An article on the Guardian about the morality of file-sharing has annoyed me. Not the article itself, more the attitude of some of the commenters.
The thrust of Charles Arthur's article is this: is it less morally acceptable to illegally download a TV program if you happen to know the person responsible for the original?
My opinion was that both the "file sharing" and "friend" elements are canards. If a shopkeeper tells you that they're closing down because of shoplifting then there's no real defense for the stolen shirt that you're wearing.
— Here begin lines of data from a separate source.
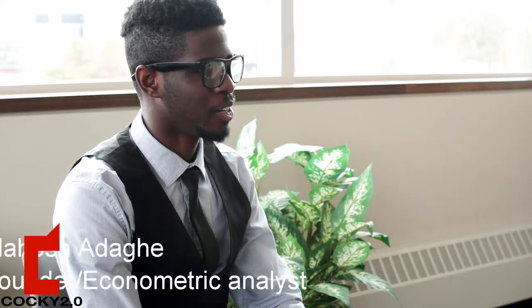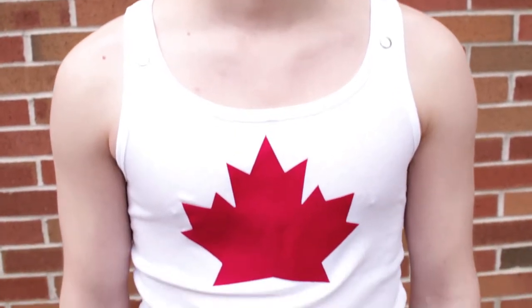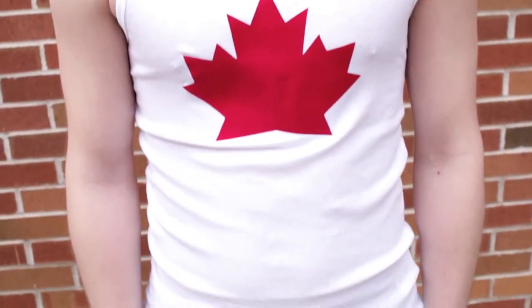The O Canada design is a very straightforward design. Cocktail Pornoy is proudly Canadian. We want to show that and let people know that we are Canadians and we are proud to be Canadians. We love waving that flag.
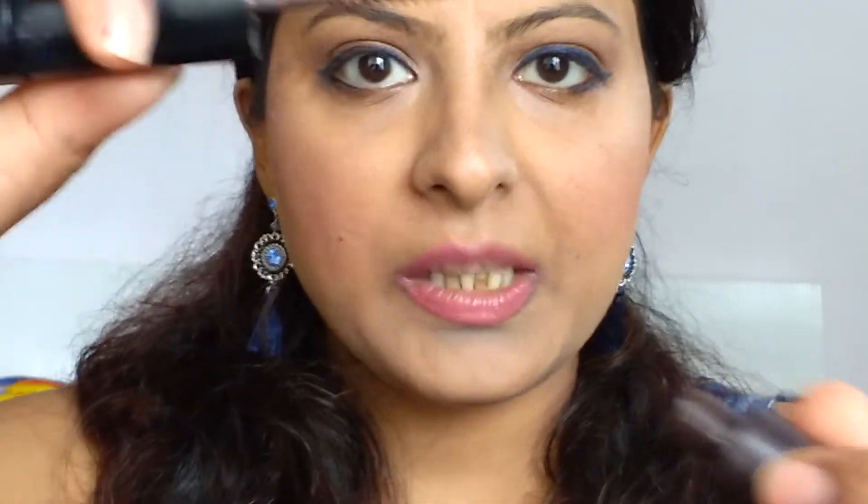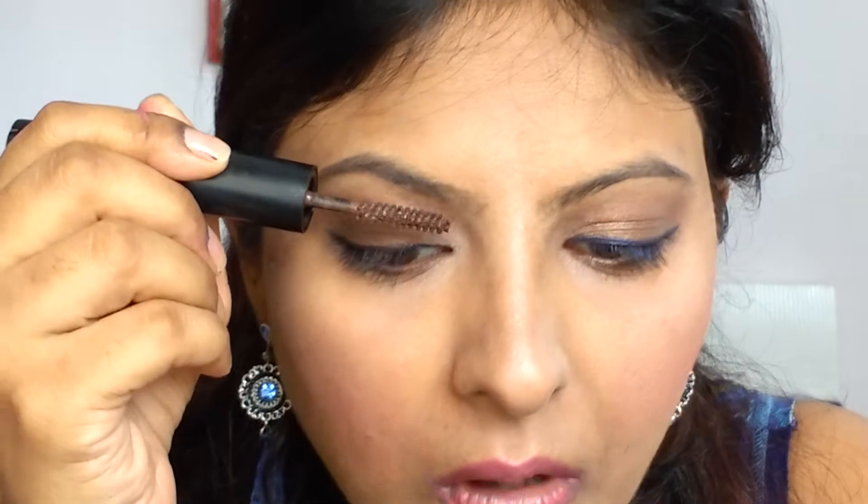Lastly, I'm going to do my eyebrows. Like I introduced in my first video, I'm going to use the brown mascara with the spoolie, and I'm going to use short strokes on my eyebrows.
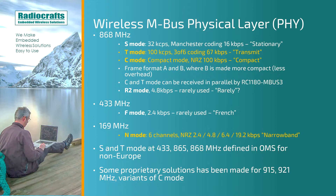Then we have the C-Mode, the compact mode, using 100 kilochips per second, and with NRC coding that also gives us 100 kilobits per second — the highest data rate in the 868 MHz band. There are two different frame formats, frame format A and frame format B, where B is made more compact with less overhead. Because C-Mode and T-Mode use the same frequency and chip rate, they can also be received in parallel by the same receiver, as implemented in the RC1180-MBUS3 module.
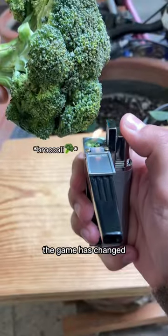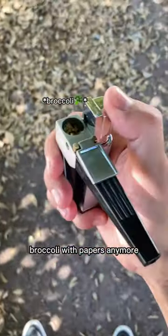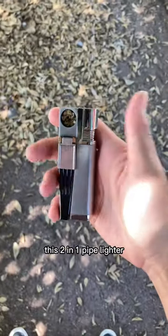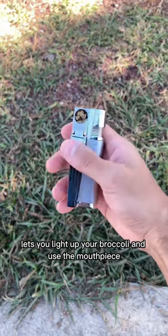Calling all broccoli lovers — the game has changed. You don't need to roll your broccoli with papers anymore. All you need is the Puff Friend. This two-in-one pipe lighter lets you light up your broccoli and use the mouthpiece.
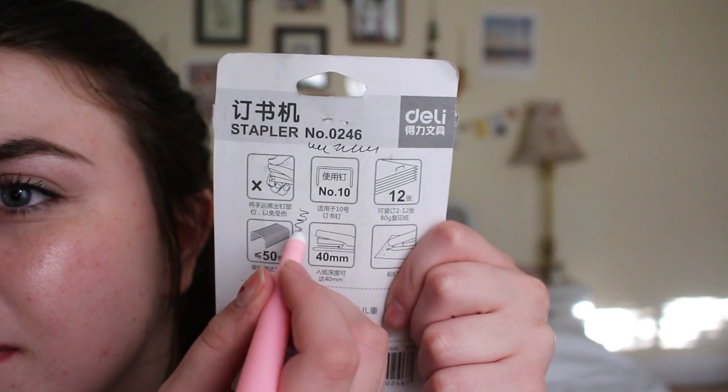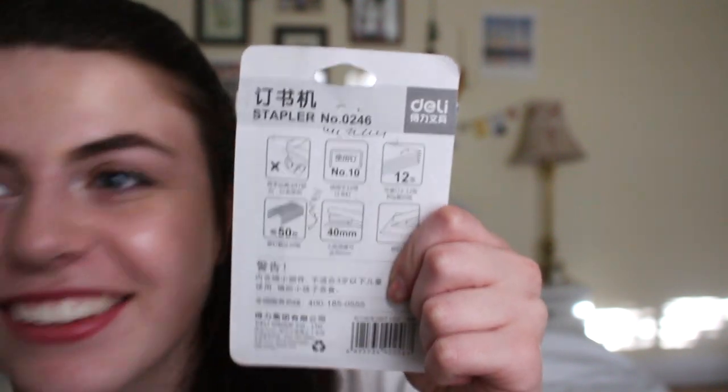The pen was a dollar. It comes with a little cap covering up the pen. It's a really, really fine tip — that writes nice. It's a pen and it works and it's cute, and it was a dollar.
One commenter took issue with my view:
"My shopkeeper friend would then not have the shirt to sell to a customer; what he has lost is not merely some abstract idea of a "notional" sale (which in reality may never have been made in any case), but a physical item of enduring value for which he has paid but which he no longer has an opportunity to sell. None of this is true of filesharing - which is why it is not theft, of course, but copyright breach." - Eurojohn
There are several points here that annoy me.
Firstly, arguing that any sale was "notional" because one might not have bought the shirt/DVD which one is currently wearing/watching is absurd. It's essentially saying, "I value your product enough to steal it, but not enough to pay for it.". There's a Seinfeld bit about how you should have to pay for a meal in advance because you resent paying for it afterwards - why would I pay for a meal when I'm not hungry? Why would I pay for a film that I've already seen? You pay for the meal because you ate it and you pay for the film because you watched it.
Secondly, he suggests that filesharing is ok because the thing being taken is insubstantial and infinitely reproducible. Here he's confusing the medium, which is infinite, with the abstract which is not. What follows is my verbatim response...
[..]
Bits have no intrinsic worth, but the arrangement of them into an episode of House is something that took time, skill and money - that is something that's worthy of compensation to the creator.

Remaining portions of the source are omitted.